Deriving the Least Square Solution of Polynomial Regression

When a system of linear equations admits no exact solution, the Moore–Penrose pseudoinverse provides a canonical “best-fit” solution. In data science this is applied for the closed form solution of polynomial regression. It can be shown quite neatly how the pseudoinverse can be derived from — and is equivalent to — the problem of minimizing the least square error function over feature transformations of the model inputs. In the following, I will give a step-by-step transformation of the derivative of the general error function to the Moore–Penrose pseudoinverse.

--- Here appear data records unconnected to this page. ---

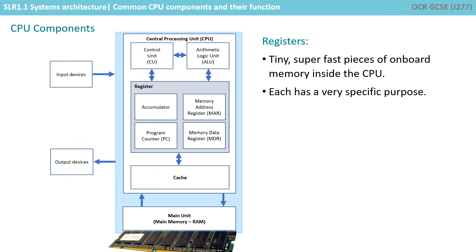Finally, we have the registers. These are super fast pieces of onboard memory inside the CPU and each has a very specific purpose. CPUs have many different types of dedicated registers. The four you need to know about at GCSE are the accumulator, the memory address register, the program counter and the memory data register. And we take a look at those in more detail in the next video.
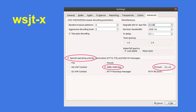Let's see where we should configure that in the FT8 software. In this example, you see the settings of the WSJT-X software. If you go to the settings, under the advanced tab, you should enable the special operation activity checkbox, choose ARRL Field Day, and fill in your Field Day exchange class and section.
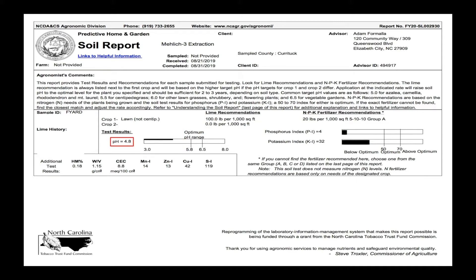In this sample we have a pH of 4.8. It's important to correct the soil pH because if it's too high or too low it'll bind nutrients and our plants won't be able to take them up. For this reason the lime recommendation is 100 pounds per thousand square feet, shown in this area.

Imagine we have a dataset \(X = [x_0, …,x_n]\) and targets \(t = [t_0, …, t_n]\) where \(t_n\) is the known target value for the datapoint \(x_n\). Our goal is to fit a non-linear, polynomial curve $$y(x) = w_0 + w_1 x^1 + … + w_m x^m$$ to the target values where \(y(x_n)\) is an estimator of the target \(t_n\) and \(w = [w_0, w_1, …, w_m]\) are weight coefficients that determine the slope of the curve, and thereby the model.

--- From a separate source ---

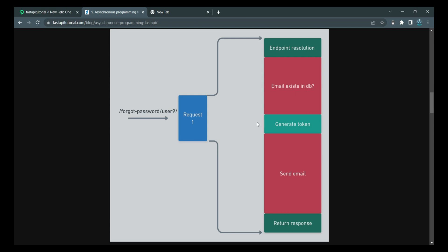Next come the task of generating token. Since token can be generated by the CPU, it takes a very small amount of time. Then comes this task of communicating to the SMTP server. This also involves network calls. So this takes quite a bit of time. Finally, FastAPI returns a response.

To express this in the vector space we denote the \(m\)th polynomial of \(x\) as \(\phi(x) = [x, x^1, …, x^m]\) and an \(n*m\) matrix \(\Phi\) as well as \(n\)-dimensional vector \(t\) as

$$ \Phi = \begin{bmatrix} \phi(x_0)\\ \phi(x_1)\\ …\\ \phi(x_n) \end{bmatrix} $$

$$ t = \begin{bmatrix} t_0\\ t_1\\ …\\ t_n \end{bmatrix} $$

Our model can thus be specified as $$\Phi w \approx t$$

How do we find the weight vector w?

A common way to fit a regression curve is the principle of least squares: minimizing the sum of the squares of the distances between the estimator \(y(X)\) and targets \(t\). The error function to minimize over the weight matrix \(w\) can be expressed as $$ E(w) = \frac{1}{2} || \Phi w – t ||^2$$ where \(||v||\) is the length or euclidean norm of vector \(v\). The factor \(\frac{1}{2}\) is irrelevant but will tidy up the resulting closed-form solution.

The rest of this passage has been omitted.